Some people are outwardly aggressive while others tend to be passive aggressive. Both behaviors are destructive, and they can have a very negative effect on the self-esteem of other individuals.
A person with passive aggressive behavior may appear on the surface to be very agreeable and supportive, but they will backstab, sabotage or undercut others behind the scenes.
Another form of aggression is workplace violence. The Occupational Safety & Health Administration reports that workplace violence has increased and is a serious issue. Workplace aggression appears in many forms, such as verbal hostility, intentional ostracism, attempts to impede another workers performance, wasted materials or damaged products. Workplace aggression seems to appear due to perceived unfairness, and it may pertain to gender, racism, sexual orientation and cultural groups.
Workplace bullies cause trouble through manipulation. Bullies constantly work to build their power base by building alliances within the company, and they undermine any worker who will not support them.
The Employment Law Alliance completed a poll concerning female bullies in workplaces around the country, and they concluded:
- 45 percent of American workers admit they have experienced workplace abuse
- 40 percent of workplace bullies are women
- 70 percent of the time women bullies pick on other women
When an individual is the target of an aggressor, they often suffer physical problems, which include headaches, high blood pressure, and insomnia, loss of appetite, depression, panic attacks and even PTSD.
If the aggressor is a coworker the employee needs to find a way to bring the situation to the attention of their CEO. While this may feel like a big risk to some people, it is probably a bigger risk to let the abuse continue.
Important tips if you are being bullied at work include:
- Try to stay calm and rational to defuse the situation as bullies take pleasure in emotionally manipulating people.
- Never blame yourself, and do not lose your confidence or think that you are incapable.
- Continue to do your best work, arrive on time and turn work on time.
- Work on building your support network with coworkers that you trust.
- Document everything in writing, and take it home with you each day so you have proof in case you need to go to Human Resources.

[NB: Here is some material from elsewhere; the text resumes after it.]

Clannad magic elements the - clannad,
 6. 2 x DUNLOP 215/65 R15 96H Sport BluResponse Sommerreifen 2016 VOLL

- Work to maintain a healthy balanced lifestyle when you are home by working out, eating healthy, and getting a good night's sleep.
- Educate yourself by learning everything you can about aggressive behavior at work, your company's policies on inappropriate behavior and the occupational law regarding aggressive behavior.
Following these guidelines should help to make your workplace more bearable. Having a support group at work is very helpful.